Our work suffers from a number of limitations. Firstly, all the tests were conducted at room temperature; creep behaviour has been reported to be temperature dependent.6 Secondly, the stress–strain responses were measured directly from the machine rather than using extensometer, but the aim of the paper is to compare the trends—response to reversible cyclic loading from tension to compression and across samples with different BV/TV prior to demineralisation. Lastly, since we only considered a limited number of samples, a statistical analysis that considers the influence of different variables was not possible. These trends, we believe, are real despite the limitations.

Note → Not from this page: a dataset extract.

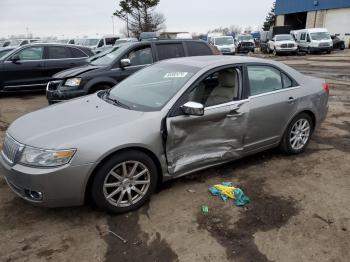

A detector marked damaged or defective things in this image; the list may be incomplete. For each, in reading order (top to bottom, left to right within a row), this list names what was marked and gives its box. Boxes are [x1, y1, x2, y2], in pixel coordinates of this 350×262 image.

damaged silver car [0, 55, 328, 213]
dented rear door [166, 100, 250, 176]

This study, we believe, makes several important contributions. Firstly it develops a novel experimental protocol that can evaluate the mechanical response of materials under cyclic loads that range from tension to compression and are of varying magnitudes. The study will help in the development of composite models from the mechanical response of its constituents. We have shown that the behaviour of the organic phase of trabecular bone has tension–compression asymmetry and varies with load levels and porosity. Interestingly, the transition from tension to compression is found to be smooth for all load levels. Collagen struts stiffen in tension while they undergo inelastic bucking in compression. These findings may explain, at least partially, the reasons for non-traumatic fractures in the elderly as increasing bone porosity and reduced collagen to mineral ratio will result in higher risk of buckling failure.